Dün, Atatürk’ün öncülüğünde milli mücadelenin başlamasının 100. yıldönümü kutlamasında, sekiz parti liderinin çektirdiği fotoğraf, bana bu tür bir aile fotoğrafını hatırlattı.
Ana muhalefet lideri Kılıçdaroğlu’na yapılan linç girişiminin üzerinden daha bir ay geçmedi. CHP liderinin sağ yanında poz veren Erdoğan da Bahçeli de kendisini arayıp bir geçmiş olsun demedi; tersine linç girişiminin yapıldığı cenaze törenine gittiği için onu suçladılar. Sonra da CHP adayının kazandığı İstanbul seçimini iptal ettirdiler. Bu yaşananlardan sonra o kadroyla çekilen “aile fotoğrafı”na olsa olsa Erdoğan’ın zafer fotoğrafı denilebilir.

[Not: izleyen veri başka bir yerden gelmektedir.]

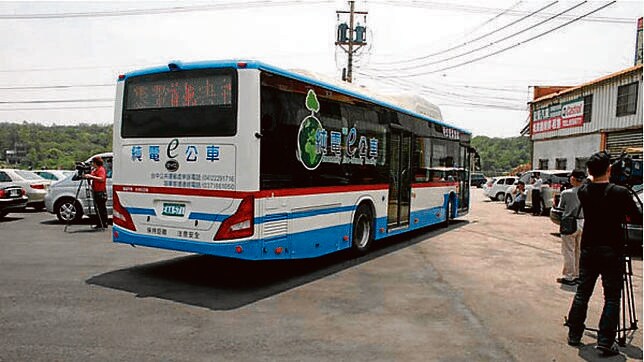 Alicante negocia con una empresa china para comprar autobuses eléctricos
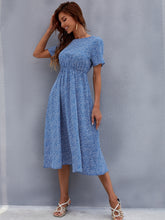 Load image into Gallery viewer, Printed Round Neck Short Sleeve Midi Dress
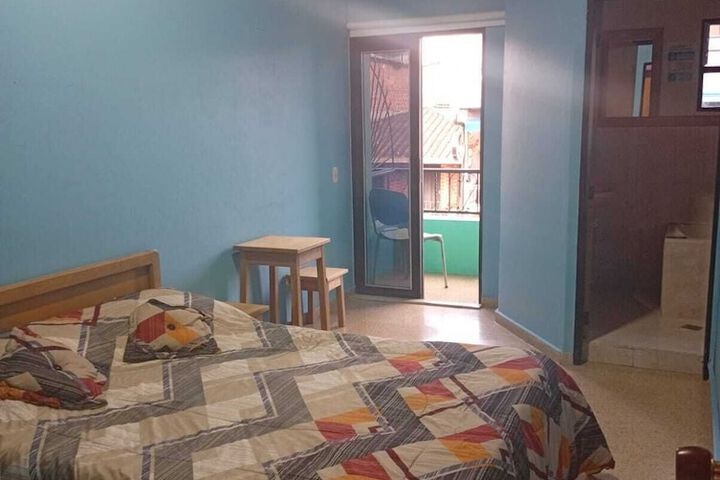 Room 5 of 13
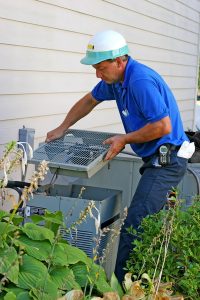 HVAC-technician-working-on-an-outdoor-AC-unit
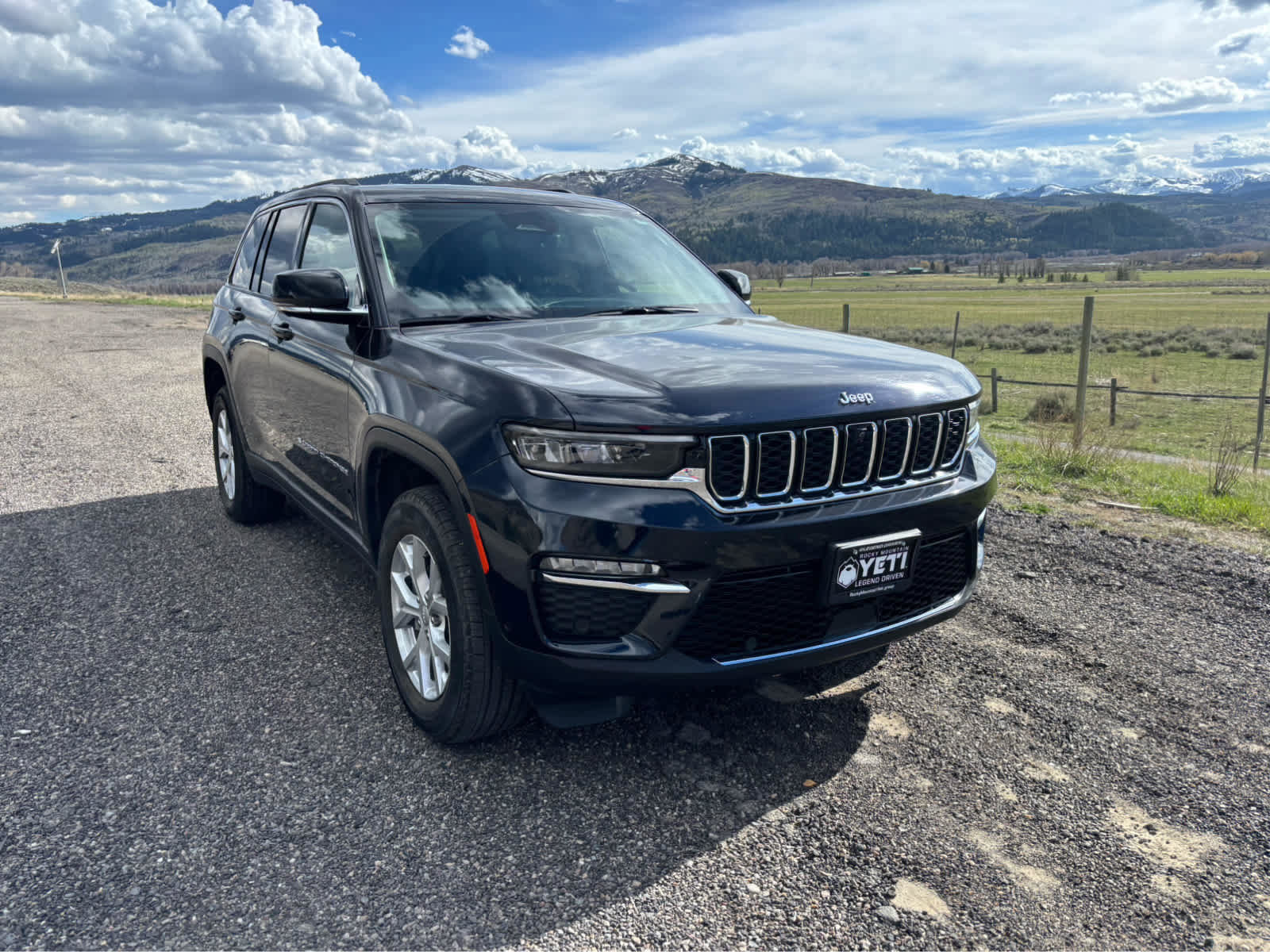 New 2023 Jeep Grand Cherokee Limited w/ Luxury Tech Group II image 24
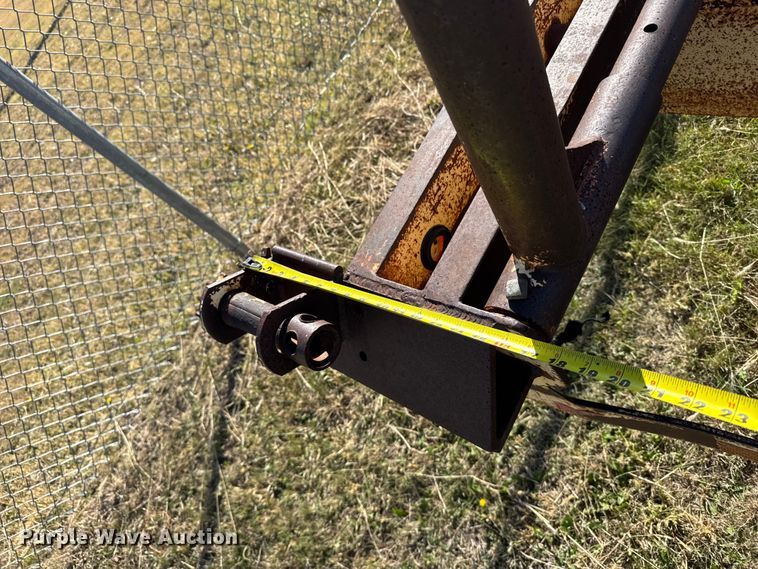 image for item EU6231 1997 MICH pole trailer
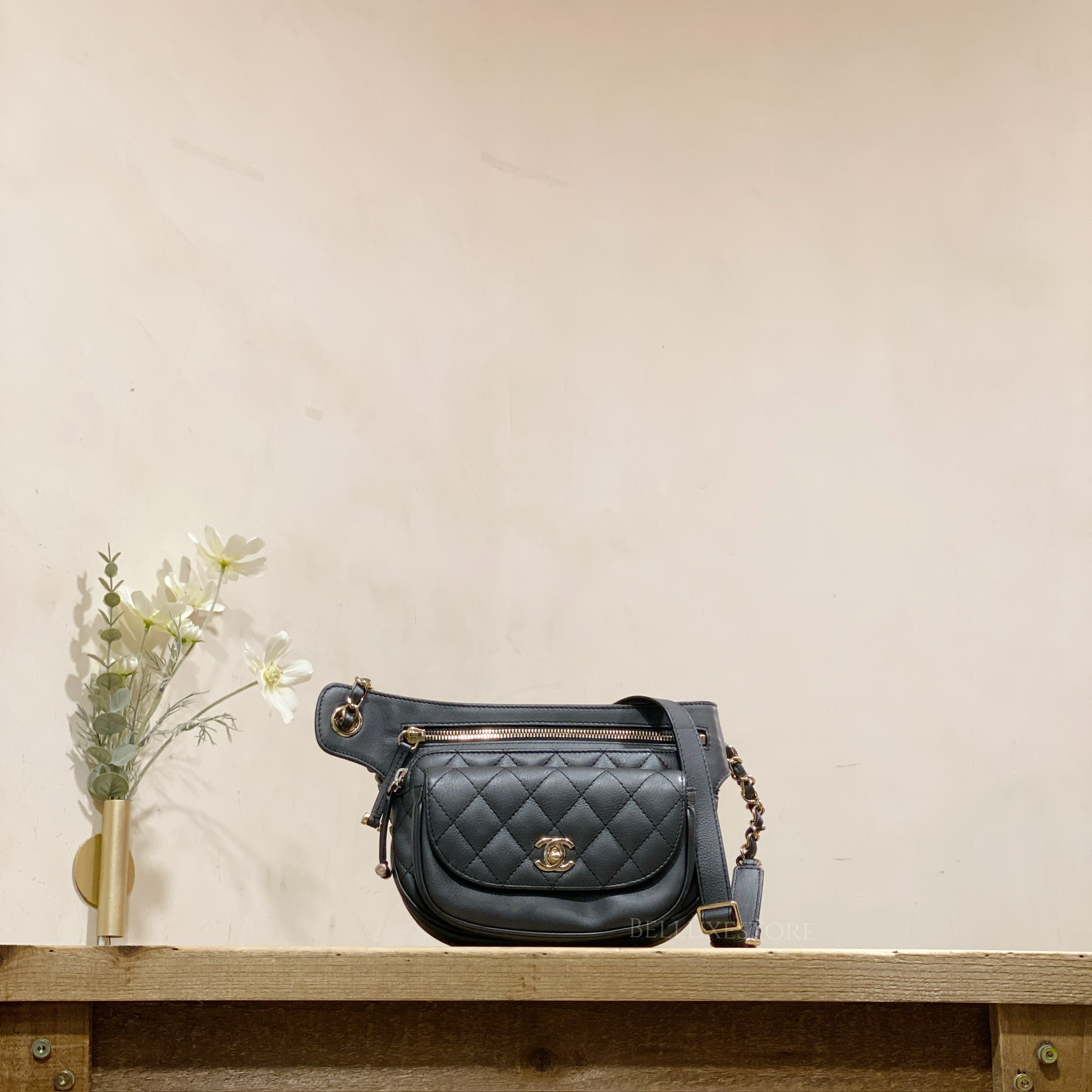 [Pre-owned] Chanel belt bag calfskin grey/ gold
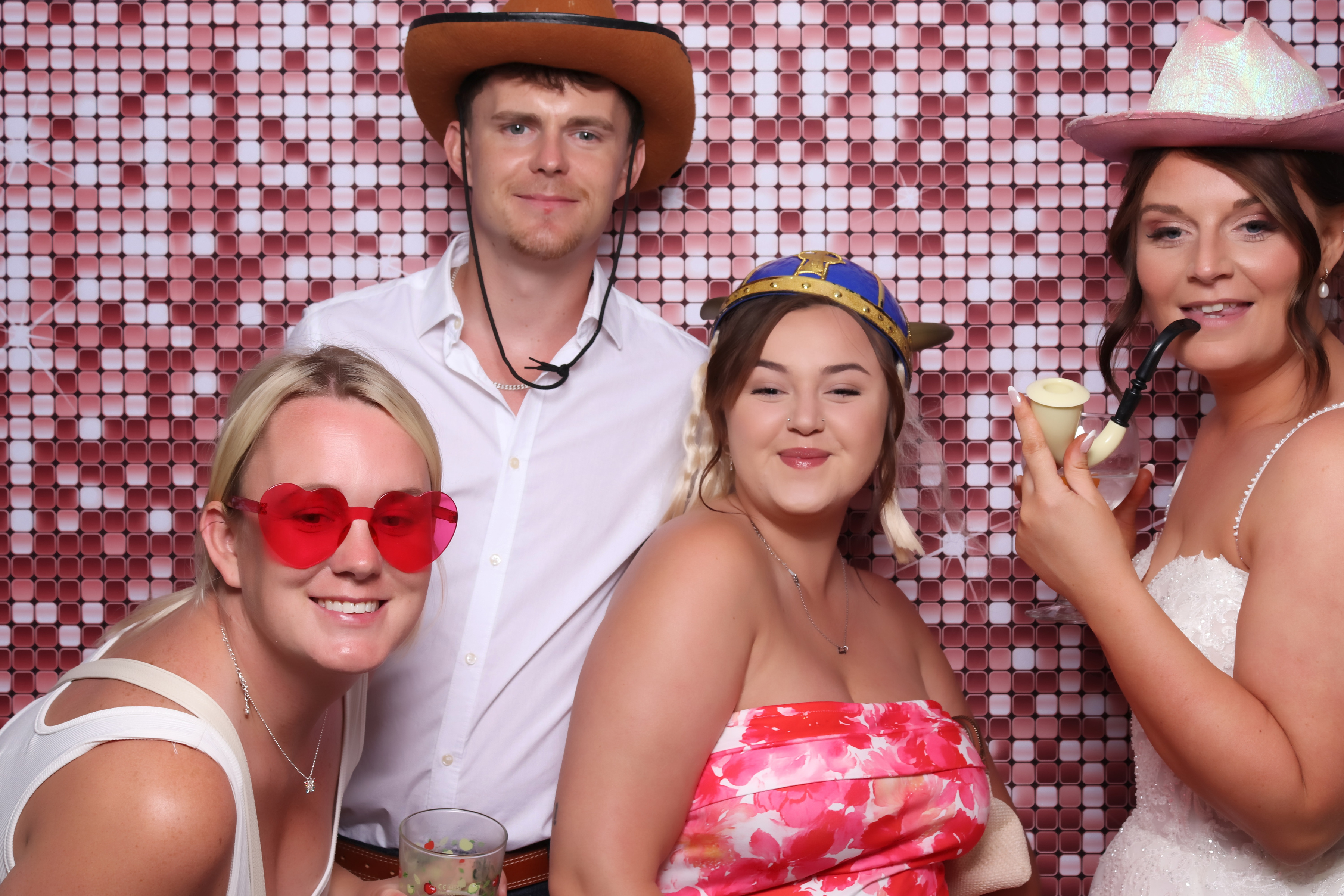 Lauren and James Wedding | View more photos from the event at gallery.pbooth.co.uk/u/ThePboothCompany/Lauren-and-James-Wedding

Türkiye ne yazık ki, bu türden milli birlik müsamerelerini çoktan geride bıraktı. Artık zulmedenler ve zulmedilenler var; hak yiyenler ve haksızlığa uğrayanlar… Linç edenler ve edilenler…
CHP, seçim öncesi Erdoğan’ın işine yarayacak hiçbir gerginliğin tarafı olmak istemiyor; ancak bu kez de “Stockholm sendromu”na kapılmış görüntüsü veriyor. Bu maçolar fotoğrafında olmayan İyi Parti Genel Başkanı Akşener’in geceyarısı evi basıldı. Yine fotoğrafta olmayan HDP’nin eski eş Genel Başkanı Demirtaş hala hapiste… Onların yer almadığı bir aile fotoğrafında linçe, baskına, hapse onay verenlerle poz vermek, Kılıçdaroğlu için abartılı bir iyi niyet gösterisi oldu.
Artık yanyana somurtan sekiz erkek fotoğrafıyla birlik tazeleyecek noktada değil Türkiye…
19 Mayıs’ın 100. yılına, kadınların, erkeklerin, Türklerin Kürtlerin, baskın yiyenlerin, linç edilenlerin, demokratik bir cumhuriyet talebiyle omuz omuza yanyana duracağı bir fotoğraf yakışırdı.